Nach Kursreaktion und Quartalszahlen haben mehrere Häuser ihre Einstufungen und Kursziele angepasst:

  • Freedom Capital: Hochstufung von „Hold“ auf „Buy/Strong-Buy“, Kursziel 120 US-Dollar (zuvor 130)
  • Leerink Partners: „Market Perform“ bestätigt, Kursziel 119 US-Dollar (zuvor 136)
  • Daiwa Capital Markets: „Outperform“ bestätigt, Kursziel 113 US-Dollar (zuvor 136)
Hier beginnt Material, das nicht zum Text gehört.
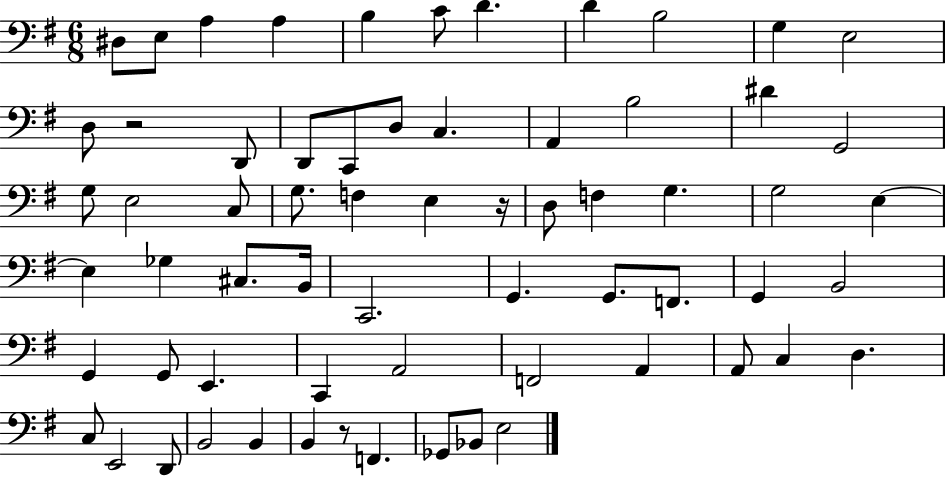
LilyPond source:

Auffällig: Trotz teils deutlich gesenkter Kursziele bleibt der Grundton konstruktiv. Als wiederkehrender Wachstumstreiber wird in den Einschätzungen vor allem das Segment Medical Devices genannt.

Auch technisch ist die Aktie angeschlagen: Mit einem Schlusskurs von 92,16 € liegt sie rund 17% unter dem 200-Tage-Durchschnitt – ein Hinweis darauf, dass der Markt die jüngsten Themen noch nicht abgehakt hat.

Ausblick: 2026-Guidance und Exact-Sciences-Deal

Für 2026 stellt Abbott ein bereinigtes verwässertes Ergebnis je Aktie (adjusted diluted EPS) von 5,55 bis 5,80 US-Dollar in Aussicht. Zusätzlich richtet sich der Blick auf ein konkretes Ereignis: Die geplante Übernahme von Exact Sciences soll im zweiten Quartal 2026 abgeschlossen werden. Abbott erwartet davon eine spürbare Stärkung der Position im Bereich Krebsdiagnostik – ein Meilenstein, an dem sich die nächste Bewertungsrunde der Aktie mitentscheiden dürfte.